Mark Twain wrote, “I am an old man and have known a great many troubles, but most of them never happened.” In other words, it’s often the trouble in our minds that cause us the most anguish. This conceit can be very true for those of us looking to downsize. We create so many stories about all the trouble that could happen when we downsize, that we fail to realize these troubles are often stories or easily surmounted challenges. We fail to realize that many people through the ages have lived happily with far less than we have, in spaces far smaller than we live in. And not only might a smaller home with less stuff not be awful, we might even like it.

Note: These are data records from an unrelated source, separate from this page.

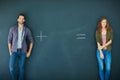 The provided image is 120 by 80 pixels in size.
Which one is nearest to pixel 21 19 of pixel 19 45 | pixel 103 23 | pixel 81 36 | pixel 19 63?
pixel 19 45

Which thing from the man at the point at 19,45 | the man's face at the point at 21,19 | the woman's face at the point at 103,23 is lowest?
the man at the point at 19,45

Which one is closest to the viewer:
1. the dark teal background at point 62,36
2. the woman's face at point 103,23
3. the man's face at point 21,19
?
the woman's face at point 103,23

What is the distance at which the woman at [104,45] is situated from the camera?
5109 mm

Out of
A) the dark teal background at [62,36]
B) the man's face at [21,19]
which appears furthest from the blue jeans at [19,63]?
the man's face at [21,19]

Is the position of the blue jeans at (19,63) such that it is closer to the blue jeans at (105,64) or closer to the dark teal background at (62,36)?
the dark teal background at (62,36)

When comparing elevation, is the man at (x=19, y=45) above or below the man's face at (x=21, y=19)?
below

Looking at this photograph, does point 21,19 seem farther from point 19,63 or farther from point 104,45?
point 104,45

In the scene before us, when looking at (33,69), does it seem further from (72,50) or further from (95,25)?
(95,25)

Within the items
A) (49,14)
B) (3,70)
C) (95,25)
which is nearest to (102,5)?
(95,25)

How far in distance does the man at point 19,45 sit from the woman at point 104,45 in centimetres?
159

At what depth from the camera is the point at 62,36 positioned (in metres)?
5.53

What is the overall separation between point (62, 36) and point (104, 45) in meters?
1.05

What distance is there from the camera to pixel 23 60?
520 cm

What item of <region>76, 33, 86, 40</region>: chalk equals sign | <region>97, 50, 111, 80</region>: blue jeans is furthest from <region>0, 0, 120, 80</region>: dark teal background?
<region>97, 50, 111, 80</region>: blue jeans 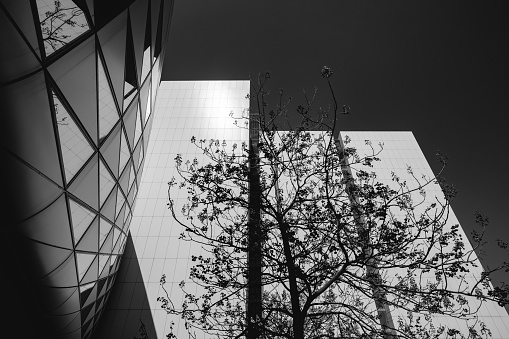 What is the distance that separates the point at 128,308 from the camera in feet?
49.6

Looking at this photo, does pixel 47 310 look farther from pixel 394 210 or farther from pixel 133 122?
pixel 394 210

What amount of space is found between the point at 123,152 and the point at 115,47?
3.48 metres

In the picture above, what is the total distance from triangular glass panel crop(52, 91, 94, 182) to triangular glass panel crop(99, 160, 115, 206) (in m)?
1.12

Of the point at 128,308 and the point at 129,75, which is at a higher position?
the point at 129,75

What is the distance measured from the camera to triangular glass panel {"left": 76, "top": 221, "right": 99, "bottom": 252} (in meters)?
7.09

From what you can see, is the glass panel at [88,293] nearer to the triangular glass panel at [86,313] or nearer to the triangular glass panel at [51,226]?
the triangular glass panel at [86,313]

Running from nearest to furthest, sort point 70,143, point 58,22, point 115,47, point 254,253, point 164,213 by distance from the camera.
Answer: point 58,22 → point 70,143 → point 115,47 → point 254,253 → point 164,213

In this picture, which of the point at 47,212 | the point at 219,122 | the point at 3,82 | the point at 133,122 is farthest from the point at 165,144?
the point at 3,82

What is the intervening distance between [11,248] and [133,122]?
499 cm

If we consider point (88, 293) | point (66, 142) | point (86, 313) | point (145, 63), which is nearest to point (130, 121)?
point (145, 63)

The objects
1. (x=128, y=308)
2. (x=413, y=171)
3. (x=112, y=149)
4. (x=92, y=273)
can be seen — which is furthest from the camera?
(x=413, y=171)

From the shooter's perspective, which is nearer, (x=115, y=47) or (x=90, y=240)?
(x=115, y=47)

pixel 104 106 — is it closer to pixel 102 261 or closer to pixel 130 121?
pixel 130 121

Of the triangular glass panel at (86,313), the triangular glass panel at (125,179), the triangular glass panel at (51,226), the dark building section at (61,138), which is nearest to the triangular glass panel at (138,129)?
the dark building section at (61,138) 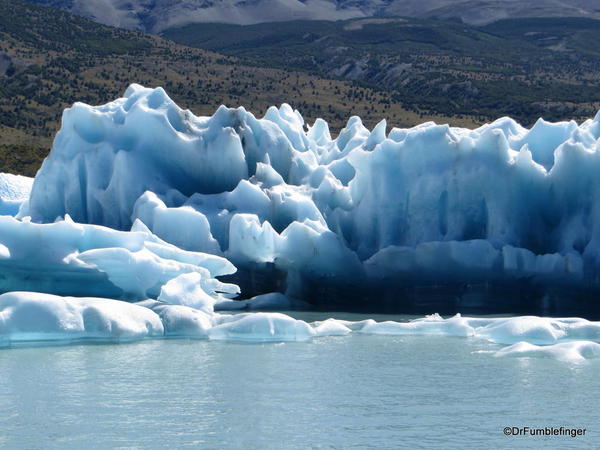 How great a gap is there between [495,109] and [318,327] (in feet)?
241

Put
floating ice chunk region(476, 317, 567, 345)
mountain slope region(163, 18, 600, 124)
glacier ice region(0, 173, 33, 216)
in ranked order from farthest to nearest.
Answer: mountain slope region(163, 18, 600, 124) → glacier ice region(0, 173, 33, 216) → floating ice chunk region(476, 317, 567, 345)

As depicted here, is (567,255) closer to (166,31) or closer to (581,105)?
(581,105)

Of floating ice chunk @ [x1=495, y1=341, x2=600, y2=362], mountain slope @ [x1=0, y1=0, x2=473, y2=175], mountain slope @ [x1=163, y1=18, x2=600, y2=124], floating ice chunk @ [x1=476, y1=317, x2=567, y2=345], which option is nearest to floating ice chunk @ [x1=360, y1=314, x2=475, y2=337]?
floating ice chunk @ [x1=476, y1=317, x2=567, y2=345]

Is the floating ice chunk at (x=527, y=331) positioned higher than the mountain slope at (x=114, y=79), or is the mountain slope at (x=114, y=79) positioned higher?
the mountain slope at (x=114, y=79)

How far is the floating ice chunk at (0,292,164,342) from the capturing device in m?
14.4

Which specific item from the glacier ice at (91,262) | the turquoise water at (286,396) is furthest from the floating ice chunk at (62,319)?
the glacier ice at (91,262)

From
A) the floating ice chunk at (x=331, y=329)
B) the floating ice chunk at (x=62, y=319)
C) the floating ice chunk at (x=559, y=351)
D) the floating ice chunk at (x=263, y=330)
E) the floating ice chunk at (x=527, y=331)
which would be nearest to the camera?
the floating ice chunk at (x=559, y=351)

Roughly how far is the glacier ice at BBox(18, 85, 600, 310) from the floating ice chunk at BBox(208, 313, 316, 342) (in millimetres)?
3868

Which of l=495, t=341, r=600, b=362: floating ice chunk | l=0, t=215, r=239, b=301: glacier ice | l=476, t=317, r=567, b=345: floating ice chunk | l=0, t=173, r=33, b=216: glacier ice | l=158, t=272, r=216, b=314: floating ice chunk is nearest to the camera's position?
l=495, t=341, r=600, b=362: floating ice chunk

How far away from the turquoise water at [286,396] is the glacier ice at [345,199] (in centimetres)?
464

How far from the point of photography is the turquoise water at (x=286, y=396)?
9781 millimetres

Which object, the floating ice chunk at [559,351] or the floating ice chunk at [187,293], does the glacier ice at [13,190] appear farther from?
the floating ice chunk at [559,351]

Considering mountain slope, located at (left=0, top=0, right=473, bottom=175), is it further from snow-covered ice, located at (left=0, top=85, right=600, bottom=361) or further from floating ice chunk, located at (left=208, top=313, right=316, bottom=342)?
floating ice chunk, located at (left=208, top=313, right=316, bottom=342)

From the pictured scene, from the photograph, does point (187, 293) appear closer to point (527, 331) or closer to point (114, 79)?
point (527, 331) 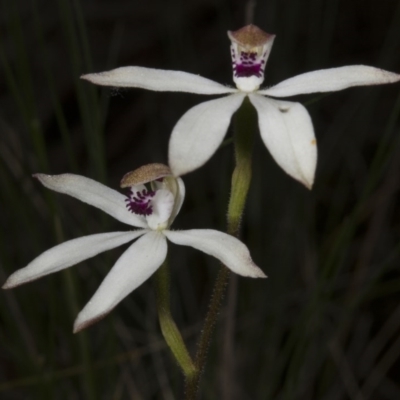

That said, there are a number of oft-heard arguments that can present barriers to living a life with less space and stuff. We thought we’d present a few and ways you might deal with them.
Problem: “How many square feet is that?” Sometimes the hardest part of downsizing is talking about it. Most people can’t comprehend that living in a smaller space with less stuff could possibly be a choice. It’s something you do because you’re broke and have no better place to live.
Things become even more difficult when other people’s questioning becomes our own. We start thinking, “Are they right? Am I crazy? I need more space! I can’t live without my ______. What am I thinking?”
Solution: Don’t bring it up as an issue to people who might not understand. If you go on Tiny House chat board, people will admonish you for living in a space bigger than 250 sq ft. Most Europeans live in a fraction of the space Americans do. Not everyone has the same orientation to space, and to many (read: Americans) a small apartment or home doesn’t mean intentional downsizing, it means downgrading. Don’t get into it. Don’t mention square footage. Don’t get defensive if you do. Talk to friends who understand. Read this blog more. We support you. You’re making a choice that’s right for you!